Набоков еще давал время от времени уроки, однако больше всего он теперь писал, и это была мучительная радостная и низкооплачиваемая работа. Русских в Берлине оставалось все меньше, центром эмиграции окончательно стал Париж. На его счастье, Набоков был теперь знаменитый эмигрантский писатель, так что «Современные записки» брали у него (у единственного из молодых) все, что он писал. Как ни далеки были от литературы эсеры, издававшие «Современные записки», они знали, что это вот и есть лучшее (конечно, решало тут мнение Фондаминского). «Современным запискам» удавалось пока выжить благодаря нескончаемым усилиям по сбору средств, чешской дотации и пожертвованиям, о которых в общем-то довольно недоброжелательно относившаяся и к Фондаминскому и к журналу Н.Н. Берберова вспоминала:

«Фондаминский… большую часть своего времени… посвящал взиманию этой дани, главным образом среди щедрых и культурных русских евреев (чины Белой армии не имели привычки читать книги, да и каждый франк был у них на счету)».

«Современные записки» давали Набокову главный его заработок, настолько скудный, что трудно даже привести для сравнения какую-либо другую зарплату, столь же ничтожную. Впрочем, и сегодня в США или во Франции литературный заработок писателя не поднимается в среднем до прожиточного минимума или даже «порога бедности».

Набоков, однако, не сдавался. У него был героический союзник — жена. Оба они верили в победу его Дара, считая, что он не имеет права зарыть его в землю. Конец года Набоков провел над переводом «Гамлета», который ему, ярому поклоннику Шекспира, был очень близок. По просьбе Глеба Струве он начал писать статью по-французски — о преклонении перед «нашей эпохой» и «нашим временем». В ней он предупреждал, что поклонники «небывалого времени» и прогресса рискуют проглядеть то главное, что одно и будет важно потомкам, — человеческую личность и прекрасные подробности жизни. Струве предложил также Набокову написать о влиянии Фрейда на литературу. Отказавшись писать статью, Набоков сочинил позднее пародийную рекламу «Что нужно знать о фрейдизме» или «Фрейдизм для всех». Он работал и над докладом о Достоевском, но главное — он принялся уже за новый роман. Неудивительно, что Адамович, вероятно, мало что знавший об опьянении творчеством, жаловался в своих статьях, что Набоков «пишет много» и «пишет быстро». При этом он не мог не признать, что Набоков никогда не пишет небрежно, скажем, столь же небрежно, как ученики самого Адамовича.
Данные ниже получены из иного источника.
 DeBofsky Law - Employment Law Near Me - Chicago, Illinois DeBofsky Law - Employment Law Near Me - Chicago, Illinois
Новый роман назывался поначалу «Райская птица». От этого первого варианта мало что осталось — разве что ослепший человек да обманывающая его любовница. Несмотря на бесчисленные переделки и поправки, новый роман был написан довольно быстро, особенно если учесть, что в те же самые месяцы Набоков писал статью о Достоевском, делал первые наброски для романа «Отчаяние», писал французскую статью и много читал. Ему дали почитать роман Джойса «Улисс», ту самую новинку 1922 года, отрывки из которой восторженный Мрозовский читал ему как-то в Кембридже. Сейчас Набоков не спеша читал эту книгу и все допытывался у Глеба Струве, нравится ли ему самому этот роман. Для Набокова «Улисс» оставался любимой книгой до конца его дней. Позднее в своей университетской лекции о Джойсе Набоков заявил, что «Улисс», в сущности, очень простая книга. Если вам тоже так показалось, дорогой читатель, то вам море по колено…

Новый роман Набокова назывался «Камера обскура». Это был довольно неожиданный роман, особенно после «Подвига». Впрочем, читатель еще не забыл, наверно, что столь же неожиданным показался и роман, написанный Набоковым вслед за «Машенькой».
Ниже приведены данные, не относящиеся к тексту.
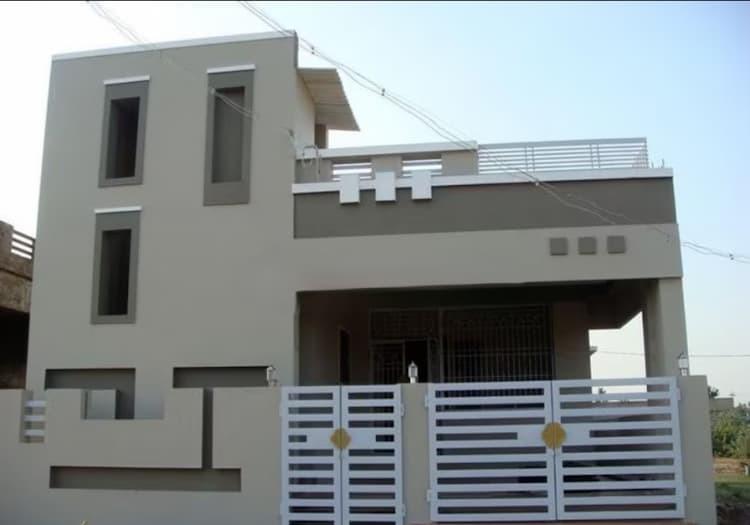 House for sales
В новом романе были только немецкие герои, вовсе не было русских тем и неотвязной русской ностальгии, не было никаких воспоминаний о детстве и всего этого пиршества «прекрасных мелочей». Брайан Бойд составил в своей книге подробный перечень аспектов, по которым «Камера обскура» являла прямую противоположность «Подвигу». Да она и задумана была, как полагает Бойд, по контрасту с «Подвигом», с его поиском благородства в обыденном, с исчезновением героя из этого мира (герой «Камеры обскуры» остается в нашем мире, однако мир исчезает из поля его зрения), с умением юного героя, лишенного артистического дара, находить в мире предметы, достойные искусства (художник же Горн в новом романе извлекает удовольствие лишь из жестокой пошлости).